Escrito por Por Patricia Tai
Há abundantes evidências de que porcos são tão inteligentes e sociáveis quanto cães. Mas enquanto para uma espécie é permitida a afeição e o respeito, a outra encara assassinatos em massa na rota para se tornar bacon, presunto e costeletas.
Buscando capitalizar em cima dessa discrepância, defensores dos direitos animais estão lançando uma campanha chamada “Someone Project” que pretende destacar pesquisas retratando porcos, galinhas e outros animais criados para o consumo como mais inteligentes e emocionalmente complexos do que geralmente se acredita. A esperança é que mais pessoas possam ver estes animais com a mesma empatia que sentem para com cães, gatos, elefantes, símios e golfinhos. As informações são da Global Animal.
“Quando você pergunta às pessoas por que elas comem galinhas mas não gatos, a única coisa que elas expressam é que sentem cães e gatos mais sofisticados cognitivamente que as espécies que elas comem – e nós sabemos que isso não é verdade”, disse Bruce Friedrich do Farm Sanctuary, uma organização de proteção animal vegan que está coordenando o novo projeto.

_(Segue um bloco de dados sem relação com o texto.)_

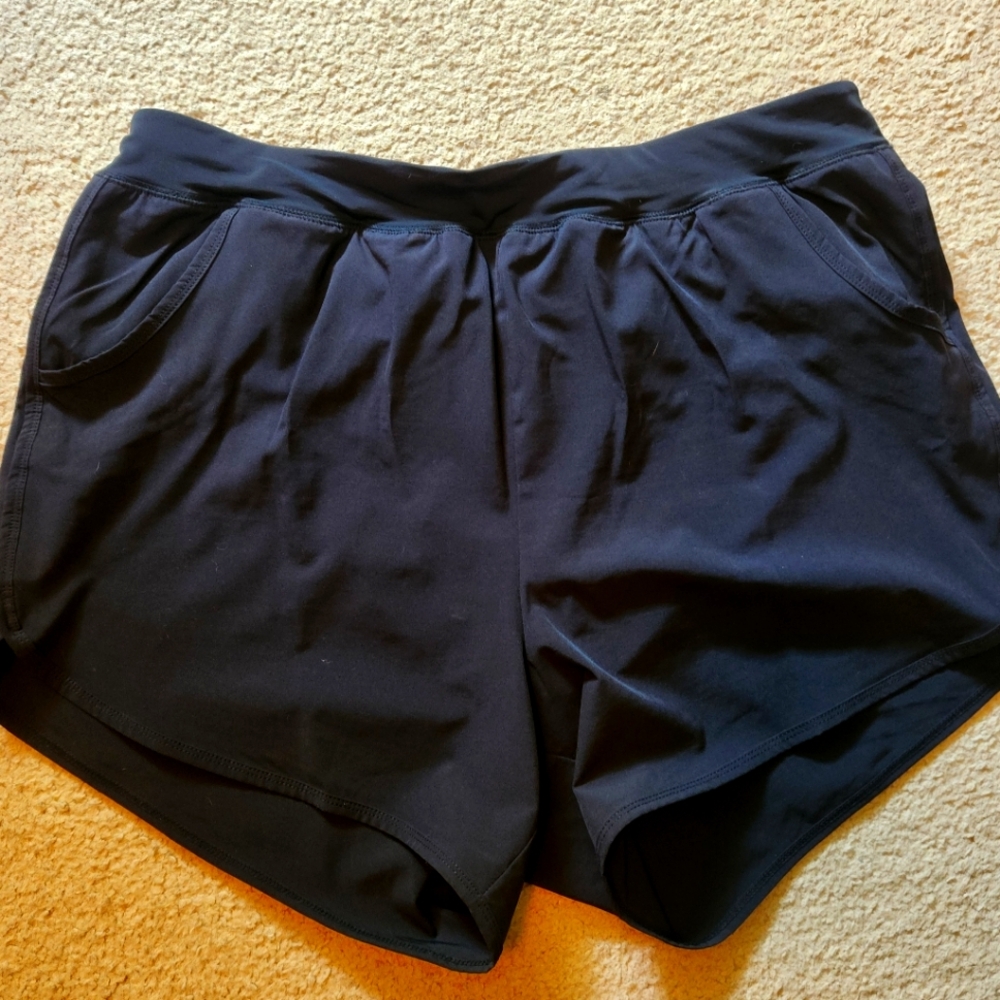 Torrid Swim Short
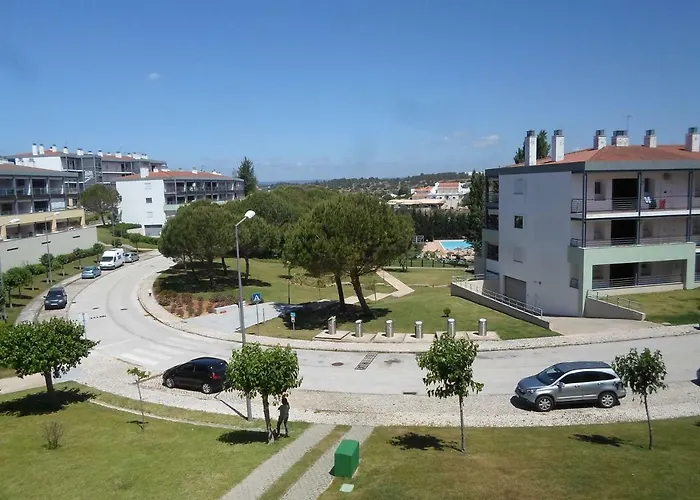 Appartement Marina Park - Martine Et Thierry *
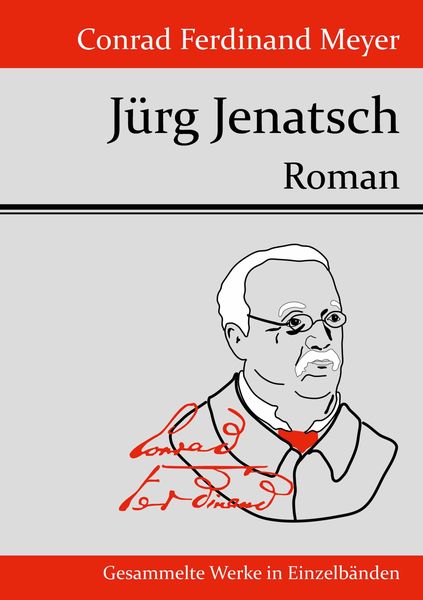 Produktbild: J&uuml;rg Jenatsch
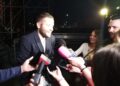 Frontmen Magla benda o budućoj supruzi Jovani i iščekivanju bebe (FOTO, VIDEO)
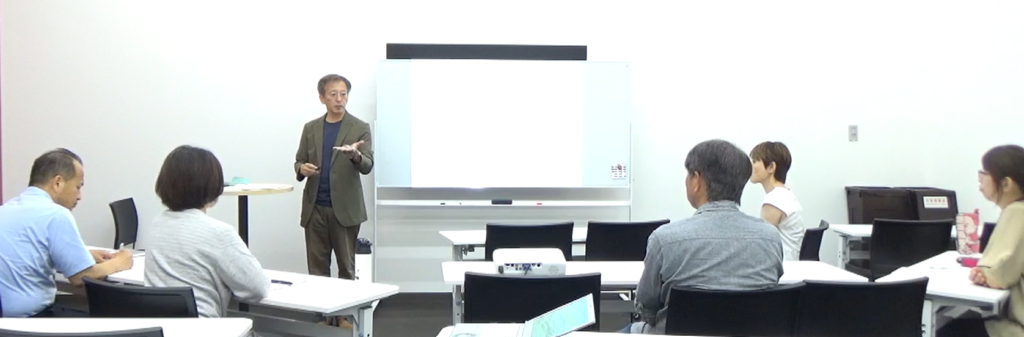 「対面の学びは最高!」教育カウンセリング講座 Kouza 1024x337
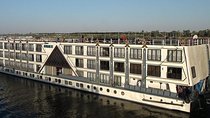 Nile Cruise 5 days 4 nights from Luxor to Aswan Standard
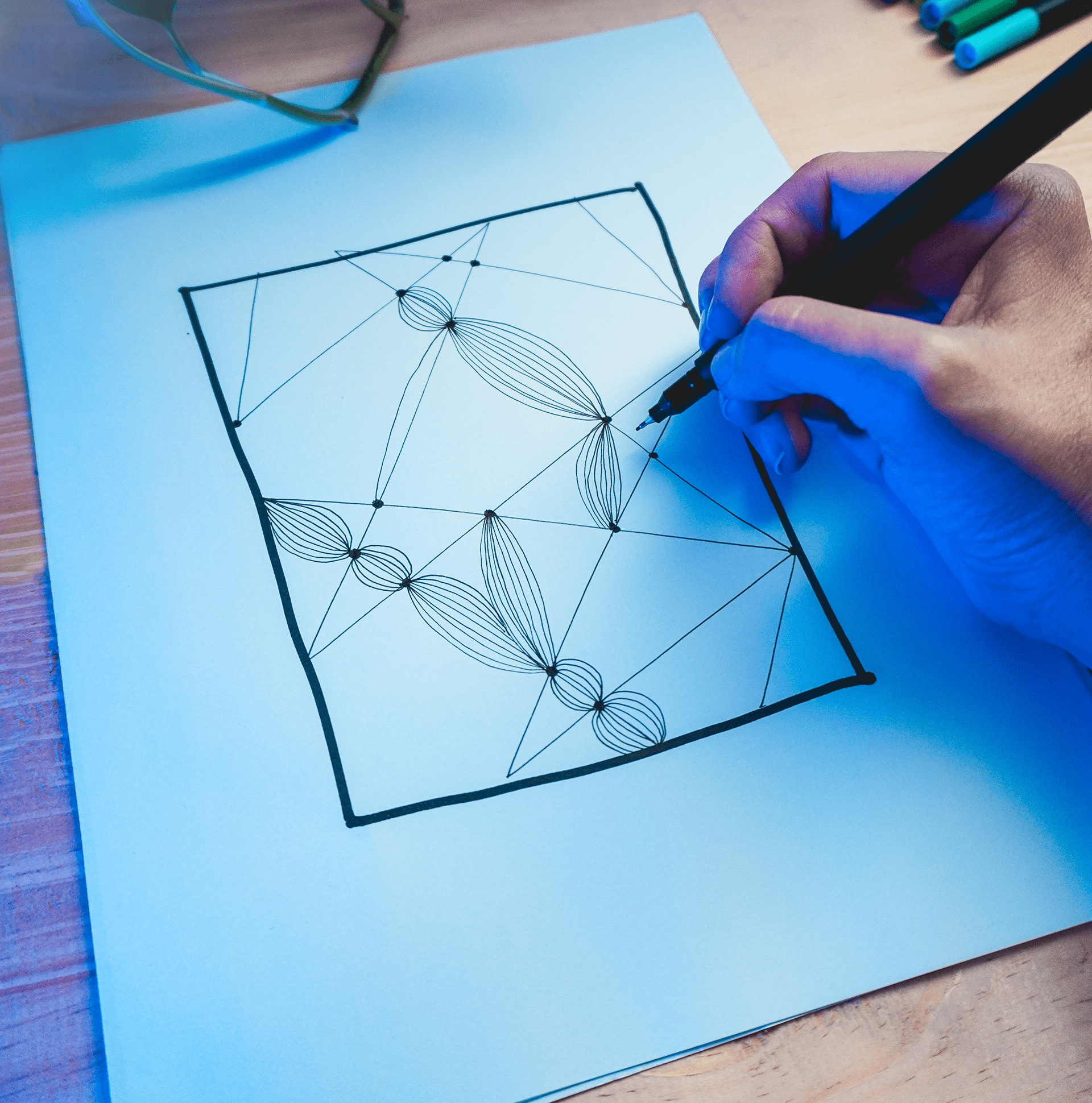 Graphic design services for t-shirts and apparel in Miami Florida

“Tudo se resume ao fato das pessoas não conhecerem animais criados para consumo do mesmo modo que conhecem cães e gatos”, explica Friedrich. “Nós somos uma nação de apaixonados por animais, e ainda assim, os animais que encontramos com mais frequência são os que nós pagamos para as pessoas matarem a fim de que possamos comê-los”, completou.
A cientista líder do projeto é Lori Marino, professora de Psicologia na Universidade de Emory que conduziu extensiva pesquisa sobre a inteligência das baleias, golfinhos e primatas. Ela planeja rever a literatura científica já produzida até então a respeito da inteligência dos animais explorados para consumo, bem como identificar áreas que justifiquem novas pesquisas e preparar relatórios sobre suas descobertas, que ela deverá fazer com que circulem por todo o mundo através das mídias sociais, vídeos e apresentação pessoal em conferências científicas.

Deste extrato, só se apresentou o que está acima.